One thing that I’ve really come to appreciate is the power of compliments. Women compliment if my hair or make up look better or if I wear new earrings or something, people will notice and say something. It’s taken me a while to get used to complimenting coworkers without feeling weird. I used to worry someone would think I was hitting on them, and I guess I still do a little. It’s also made me aware of much a compliment could really make a man’s day, as while they seem to get handed out with women all of the time, men like NEVER receive them in my experience. Part of that I think is just that men’s socially encouraged fashion is much more restrictive.

Coworkers will offer to like lift heavy things for me. I’m conflicted when it happens. I’m kind of validated to be seen as a woman, but I kind of want to try and see if I can do it on my own. Sometimes I do and can. Other times I feel how heavy it was later and am like, yeah I couldn’t have got that down from that high…

I feel like certain people are less likely to listen to me. I find I have a harder time jumping into conversations than I might otherwise, or for people to interrupt or contradict me, but that could be confirmation bias.

Obviously there’s also the creepy old dudes who hit on you, the customers who ask if you’re married when you try to have a platonic conversation then immediately disengage if you’re in a relationships. The rando dudes I get friend requests from on Facebook every day, and omg, just the way horny dudes are on social media in general. I can’t imagine objectifying people like that…

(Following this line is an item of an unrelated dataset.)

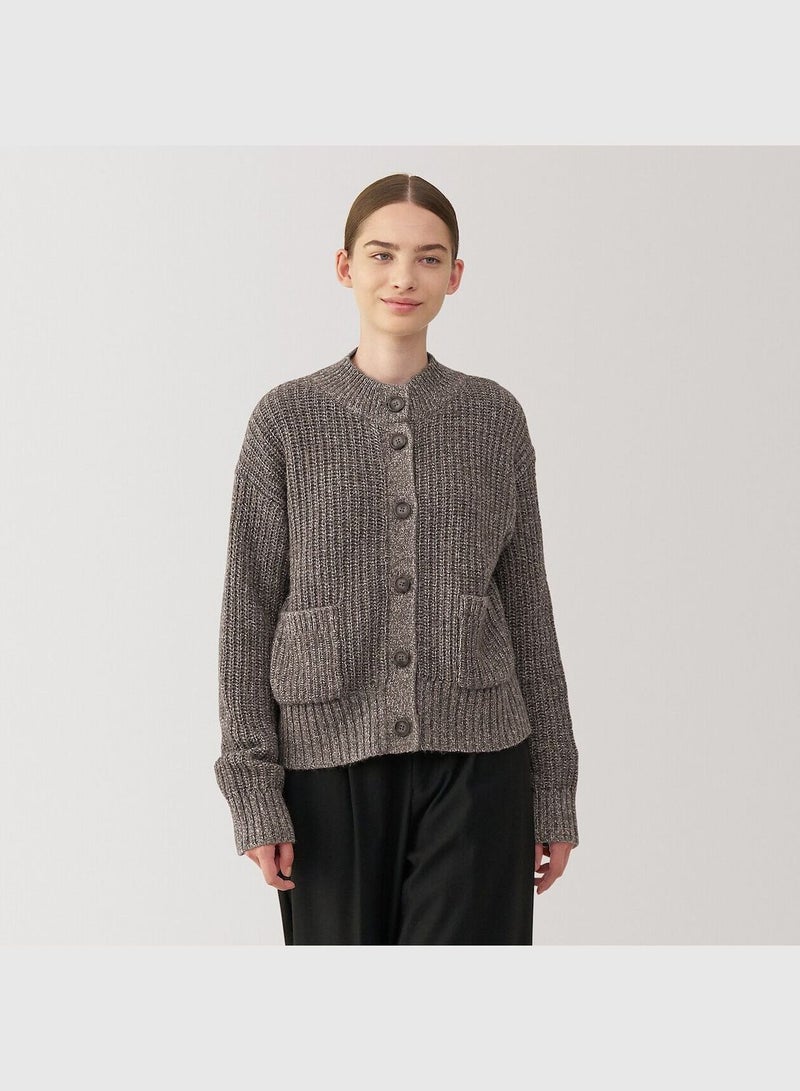 Yak Blend Wool  Mock Neck Cardigan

Another thing I have been thinking about since writing this post is that I feel strangers in customer service settings are far more likely to get uncomfortably close to me. I’m not sure if women do this to, but what I have noticed is this very strange feeling of a large guy getting so close your faces are almost touching and just feeling like, very meek and powerless. It’s hard to explain. If someone stood that close to me pre-transition I feel like it would just feel awkward, not like that. I’m not sure if others experience the same thing.

But yeah, that’s kinda what I can think of.